Paddy Harte, the retired Donegal politician who worked tirelessly to recognise Irish soldiers who lost their lives during World War I, has died.
The former Fine Gael TD, who passed away yesterday, was aged 86.
Mr Harte was first elected to Dáil Eireann to represent Donegal North East in 1961 and was returned at eleven further general elections.
He lost his seat to Independent Fianna Fail’s Harry Blaney in 1997 and retired from active politics after failing in a bid to secure a Seanad seat.
He later became involved in a number of projects, including the Island of Ireland Peace Park at Messines in Belgium, along with Derry loyalist Glen Barr, who passed away just a few months ago.

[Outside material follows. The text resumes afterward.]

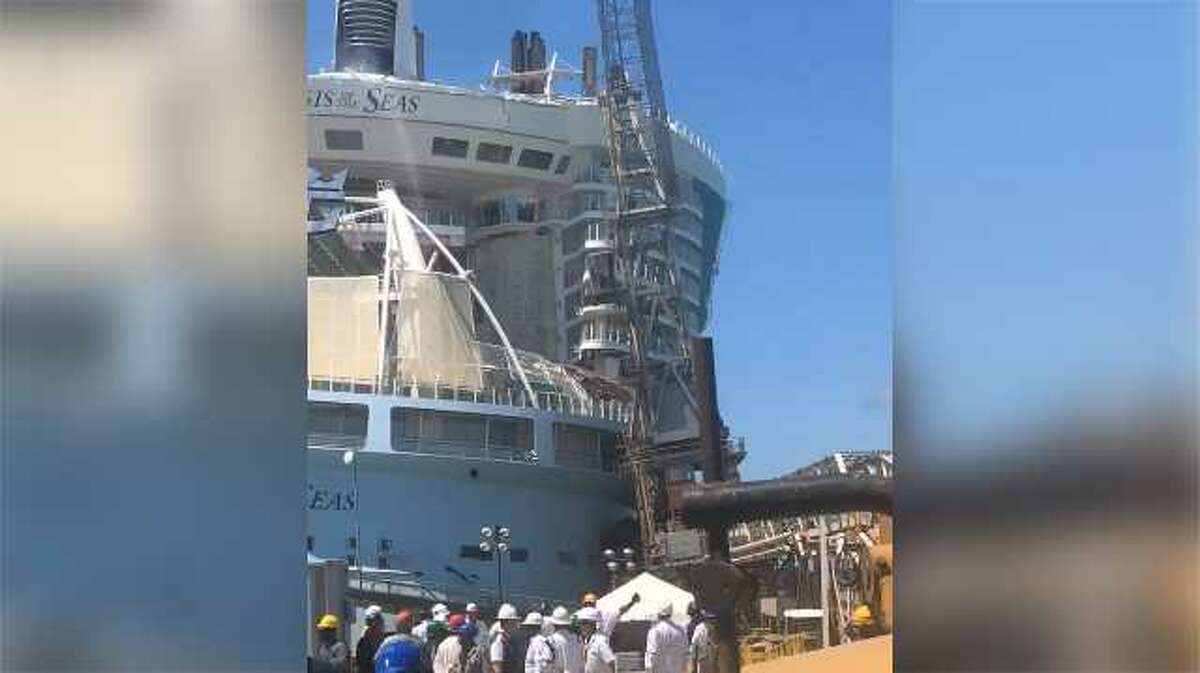 Caught on camera: Large crane falls onto gigantic cruise ship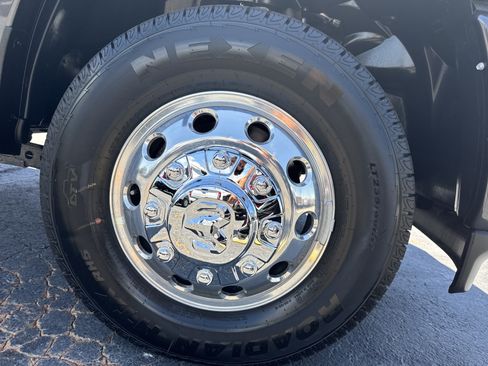 New 2026 RAM 3500 Big Horn AWD/4WD image 14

The park, which includes a reproduction round tower, was officially opened in 1998 to commemorate all Irishmen who died in the First World War.

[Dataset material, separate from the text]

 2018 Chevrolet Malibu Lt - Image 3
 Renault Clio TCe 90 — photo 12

Among those to pay tribute to Mr. Harte was former Fine Gael leader and Taoiseach John Bruton who described the Donegal man as an “original, independent minded, individual.”
He added: “Working with Glen Barr, he sought reconciliation between nationalists and onionists on the island, notably through the joint commemoration of the sacrifices both communities made during the First World War. This was often a lonely path for him to follow and he showed great physical and moral courage.”
Hailing Mr. Harte as a “builder of bridges”, Fianna Fail leader Micheal Martin said he had left a lasting mark on Irish politics.
The Bishop of Derry, Dr. Donal McKeown, said Mr. Harte had been deeply committed to Christian values and his politics “was guided by his conscience”.
“He lived by doing the right thing even when it was to cost him,” said Bishop McKeown. “He was a true leader rather than a follower.
“He was able to work with and forge good working relationships with people from all sides of the political divide.” added the Bishop.